Le couple des parents de Mathis, ami de Théo qui boit de l’alcool avec lui, est aussi très représentatif. Autant celui des parents de Théo oriente le projecteur de l’écriture sur un couple où l’homme au chômage déchoit aux yeux de sa femme, ce qui précipite la séparation, et montre les ravages sur l’homme et son fils provoqués par la haine presque homicide de la femme qui n’accepte pas la faillite de la virilité mettant en question le cocon familial, autant celui des parents de Mathis met en scène un homme qui assure, qui est d’un milieu privilégié, qui est très bien éduqué. Ce qui cloche dans ce deuxième couple, c’est que l’épouse et mère de Mathis ne travaille pas, elle n’a pas besoin, mais elle vient d’en bas. Son mari a honte d’elle, surveille son langage, a peur qu’elle laisse apparaître son manque d’éducation, ce qui par ricochet attaquerait la virilité du mari. Ici, c’est la femme, non pas l’homme, qui est blessée. Mais cette femme moins que l’homme père de Théo. Car elle peut se venger en découvrant la faille dans la si belle image de son mari. Toujours une vengeance de femme, en fin de compte. Un jour elle découvre que son mari fréquente les réseaux sociaux, les blogs, et qu’il y laisse des commentaires très orduriers, qui ne collent pas du tout avec sa si bonne éducation. Bien sûr, ce qu’il y dit des femmes choque son épouse. Delphine De Vigan esquisse le départ de cette femme, emmenant son fils avec elle. Là encore, pas vraiment d’écoute, de la part de cette femme, du poids écrasant de la virilité mis sur les épaules des hommes afin d’assumer une famille, un milieu, un confort. Elle part en vidant les placards, et emmenant son fils. Afin de démontrer que c’est elle, une femme, pourtant venue d’en bas, qui est inattaquable ?
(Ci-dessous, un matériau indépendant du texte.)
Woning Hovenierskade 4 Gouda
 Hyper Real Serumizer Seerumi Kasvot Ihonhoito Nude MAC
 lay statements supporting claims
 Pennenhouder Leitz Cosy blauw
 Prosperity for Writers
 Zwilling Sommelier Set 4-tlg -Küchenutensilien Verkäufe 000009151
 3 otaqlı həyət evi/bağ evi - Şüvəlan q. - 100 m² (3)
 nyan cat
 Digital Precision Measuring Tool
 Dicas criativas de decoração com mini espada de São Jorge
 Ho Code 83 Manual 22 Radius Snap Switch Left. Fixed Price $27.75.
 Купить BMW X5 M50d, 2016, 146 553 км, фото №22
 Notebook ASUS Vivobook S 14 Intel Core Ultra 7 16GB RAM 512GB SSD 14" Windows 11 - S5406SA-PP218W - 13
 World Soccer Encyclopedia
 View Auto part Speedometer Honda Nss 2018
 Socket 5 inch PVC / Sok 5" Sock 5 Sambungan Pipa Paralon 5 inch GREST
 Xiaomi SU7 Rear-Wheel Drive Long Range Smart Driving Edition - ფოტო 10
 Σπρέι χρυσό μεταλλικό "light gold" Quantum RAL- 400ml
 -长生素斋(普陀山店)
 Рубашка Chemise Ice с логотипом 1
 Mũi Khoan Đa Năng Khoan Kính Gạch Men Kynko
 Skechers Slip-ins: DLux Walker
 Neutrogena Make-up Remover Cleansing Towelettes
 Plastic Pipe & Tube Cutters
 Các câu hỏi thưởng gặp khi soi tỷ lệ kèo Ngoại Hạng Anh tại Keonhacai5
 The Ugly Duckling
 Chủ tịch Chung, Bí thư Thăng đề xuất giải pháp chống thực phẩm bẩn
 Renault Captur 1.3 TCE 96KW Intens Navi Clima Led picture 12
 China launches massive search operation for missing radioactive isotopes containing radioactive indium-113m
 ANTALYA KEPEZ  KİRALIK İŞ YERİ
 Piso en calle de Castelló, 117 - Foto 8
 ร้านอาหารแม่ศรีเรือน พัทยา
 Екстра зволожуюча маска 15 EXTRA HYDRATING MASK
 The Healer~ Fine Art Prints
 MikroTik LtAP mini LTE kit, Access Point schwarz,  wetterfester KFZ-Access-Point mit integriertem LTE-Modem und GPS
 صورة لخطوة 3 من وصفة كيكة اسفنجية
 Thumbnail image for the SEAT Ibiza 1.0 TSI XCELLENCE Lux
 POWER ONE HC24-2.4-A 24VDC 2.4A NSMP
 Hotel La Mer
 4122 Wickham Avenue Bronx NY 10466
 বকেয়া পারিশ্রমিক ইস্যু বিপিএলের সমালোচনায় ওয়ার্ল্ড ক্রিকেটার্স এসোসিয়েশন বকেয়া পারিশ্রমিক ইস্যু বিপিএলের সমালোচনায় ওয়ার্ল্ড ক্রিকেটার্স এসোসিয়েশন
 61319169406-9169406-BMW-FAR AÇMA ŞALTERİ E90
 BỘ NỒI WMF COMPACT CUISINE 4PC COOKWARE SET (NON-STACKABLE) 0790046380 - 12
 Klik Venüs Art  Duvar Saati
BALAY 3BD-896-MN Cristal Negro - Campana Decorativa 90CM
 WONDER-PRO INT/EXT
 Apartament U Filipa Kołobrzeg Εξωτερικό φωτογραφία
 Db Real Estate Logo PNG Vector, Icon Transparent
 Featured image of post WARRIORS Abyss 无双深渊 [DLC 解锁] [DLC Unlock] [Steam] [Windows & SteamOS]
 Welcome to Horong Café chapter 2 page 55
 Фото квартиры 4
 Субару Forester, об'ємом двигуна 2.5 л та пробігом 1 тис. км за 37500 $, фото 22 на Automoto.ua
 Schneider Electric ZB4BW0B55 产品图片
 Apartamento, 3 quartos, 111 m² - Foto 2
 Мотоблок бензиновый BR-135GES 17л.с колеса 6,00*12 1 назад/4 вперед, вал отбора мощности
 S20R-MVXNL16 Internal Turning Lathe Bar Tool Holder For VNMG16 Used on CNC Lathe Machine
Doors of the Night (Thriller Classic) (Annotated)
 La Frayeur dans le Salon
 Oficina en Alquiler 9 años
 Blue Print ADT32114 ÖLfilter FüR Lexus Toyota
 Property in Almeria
L’enseignante, elle, sans enfant ni mari, si elle n’a pu éviter à Théo d’aller frôler la mort parce que tout le collège est lui aussi resté sourd à la détresse de cet élève alors qu’elle avait tout fait pour la faire entendre, semble avoir réussi à le sauver, envoyant les pompiers. Cependant, l’association de malfaiteurs qu’est le couple en charge d’un garçon, si elle est mise à jour par cette trouvaille, ne débouche pas encore sur l’impératif, qui serait si audacieux, d’envisager tout autrement la responsabilité des enfants, si la charge de famille est en vérité si dure à assumer et fait régner la haine entre homme et femme en mettant à mal la virilité. Ce livre, en même temps que l’écriture suit le fil d’une détresse de garçon de treize ans, oriente son projecteur sur le poids qui pèse sur les épaules des hommes en charge de famille, et sous le regard qui peut être sans pitié des femmes. Le père de Théo devient sous ce regard un déchet. Le père de Mathis devient derrière l’homme de bonne famille qui assume parfaitement la famille qu’il a reproduite l’homme grossier qui a l’air de s’échapper d’un rôle trop dur à assumer et de le couvrir d’injures qui le montre déchu. Et les enfants, dans tout ça ? Les garçons, par exemple, Théo, Mathis, de plein fouet atteints par ce jugement sur la virilité de leur père respectif chef déchu de famille ? Il est comme par hasard aussi question du père de cette enseignante sensible à la détresse de Théo, et qui le sauve !

L’air de rien, dans le blanc même que l’écriture laisse quant à l’invention d’une toute autre organisation de la sexualité et de la responsabilité des enfants qui renouvellent l’humanité, ce livre de Delphine De Vigan, « Les loyautés », pose quand même la question de que faire, afin que se dénoue l’association de malfaiteurs.